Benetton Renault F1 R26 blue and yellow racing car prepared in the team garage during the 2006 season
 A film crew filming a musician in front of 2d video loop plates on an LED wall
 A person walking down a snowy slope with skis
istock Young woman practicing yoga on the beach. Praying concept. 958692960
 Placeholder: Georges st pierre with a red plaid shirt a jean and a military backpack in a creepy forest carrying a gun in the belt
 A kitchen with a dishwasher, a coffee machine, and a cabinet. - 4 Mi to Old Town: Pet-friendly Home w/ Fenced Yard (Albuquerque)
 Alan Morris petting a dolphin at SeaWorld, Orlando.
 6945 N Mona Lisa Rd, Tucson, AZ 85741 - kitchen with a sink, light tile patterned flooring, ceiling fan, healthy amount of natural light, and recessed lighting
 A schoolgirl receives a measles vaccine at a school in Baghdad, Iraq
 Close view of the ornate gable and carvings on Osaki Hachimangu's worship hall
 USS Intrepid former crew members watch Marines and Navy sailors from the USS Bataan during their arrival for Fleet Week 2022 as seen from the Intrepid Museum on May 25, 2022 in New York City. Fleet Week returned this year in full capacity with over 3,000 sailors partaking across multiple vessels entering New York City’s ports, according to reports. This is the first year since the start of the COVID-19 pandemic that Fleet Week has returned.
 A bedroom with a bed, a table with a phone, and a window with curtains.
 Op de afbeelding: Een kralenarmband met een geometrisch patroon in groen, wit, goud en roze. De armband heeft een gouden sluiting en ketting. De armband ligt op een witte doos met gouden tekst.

What is needed | Select from the material above each line in which the string "kitchen" appears, and list those lines.

Result below |
 A kitchen with a dishwasher, a coffee machine, and a cabinet. - 4 Mi to Old Town: Pet-friendly Home w/ Fenced Yard (Albuquerque)
 6945 N Mona Lisa Rd, Tucson, AZ 85741 - kitchen with a sink, light tile patterned flooring, ceiling fan, healthy amount of natural light, and recessed lighting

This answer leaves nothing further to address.